Definition of Frankenstein in English:

Frankenstein

proper noun

  • 1A character in the novel Frankenstein, or the Modern Prometheus (1818) by Mary Shelley. Frankenstein is a scientist who creates and brings to life a manlike monster which eventually turns on him and destroys him; Frankenstein is not the name of the monster itself, as is often assumed.
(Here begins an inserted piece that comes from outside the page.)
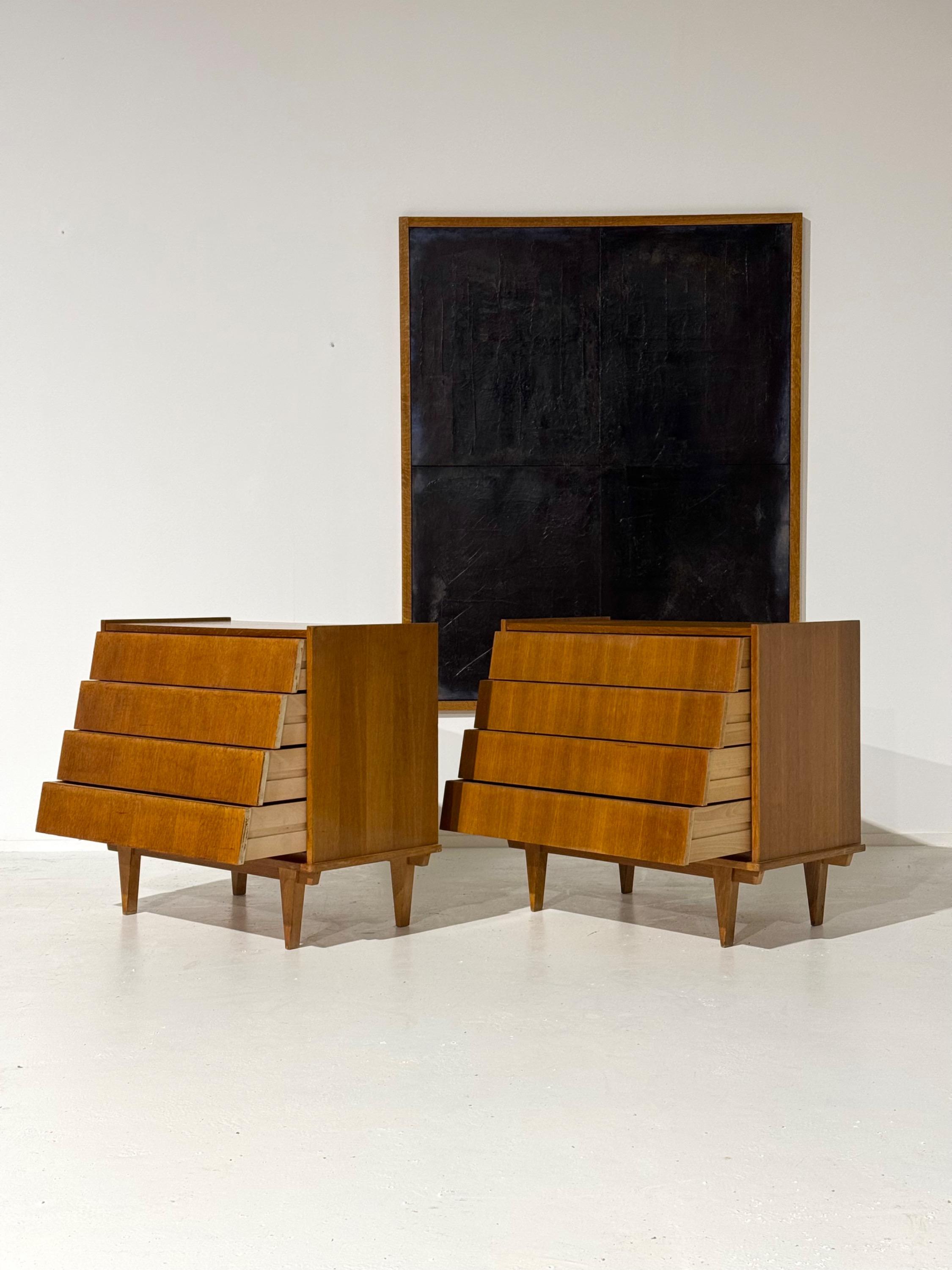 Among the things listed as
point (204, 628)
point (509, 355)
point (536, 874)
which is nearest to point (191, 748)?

    1. 1.1as noun A thing that becomes terrifying or destructive to its maker.
      • ‘Which brings me back to my original point, that the liberal media has, in a sense, become almost a Frankenstein's monster to the Democratic Party.’
      • ‘Research which is quickly developing into an ungainly Frankenstein's monster beyond my control.’
      • ‘It is a monstrosity reminiscent of Blair's Dome and Frankenstein's monster.’
      • ‘They may live to regret the manufacturing of a Frankenstein's monster that is fast outgrowing its creator's expectations.’
      • ‘People hate to admit it, but the City created most of these corporate Frankensteins.’
      • ‘But the demand for immediate profit by investors and rampant political corruption guaranteed that it would be a Frankenstein's monster from the outset.’
      • ‘So the activists' nightmare of massive biotech monopolies dominating the globe is to an extent a Frankenstein's monster of their own creation.’
      • ‘It may be tempting to respond to scaremongering stories, about scientists playing God and creating Frankenstein's monster and so on, by hyping the possibilities of science and making promises of miracle cures.’
      • ‘Obviously, if they're not sufficiently sensitive, yes, you could create a Frankenstein's monster.’
      • ‘For example, you can explore the novel Frankenstein, its author Mary Shelley, and the scientific discoveries that inspired Shelley to write her popular tale.’
      • ‘Its critics hypothesize a sadistic world of human crop, engineered super-armies, and Frankenstein's monsters.’
      • ‘The U.S. has a history of cultivating people who become Frankenstein's monsters.’
      • ‘I think the mixture of big money and bigotry has to be guarded against and fought because now it has become a sort of Frankenstein's monster.’
      • ‘In 1818 Mary Shelley published Frankenstein, a warning that we would be destroyed by our own technological hubris.’
      • ‘It has been assumed that she constructed the novel in the same way as Frankenstein constructed his monster, with bits culled from many sources.’
      • ‘It looks like this government has begun to realise that it is - like Frankenstein - threatened by its own creation.’
      • ‘According to environmental activists worldwide, including a growing community of environmentally aware American consumers, giant biotechnology companies are releasing an increasing number of Frankenstein's monsters into the world food supply.’
      • ‘No matter how tight the American grip on this trial, there's a risk that it will turn into a Frankenstein's monster.’
      • ‘They were her Frankensteins, and they let her leave with a tiny modicum of dignity.’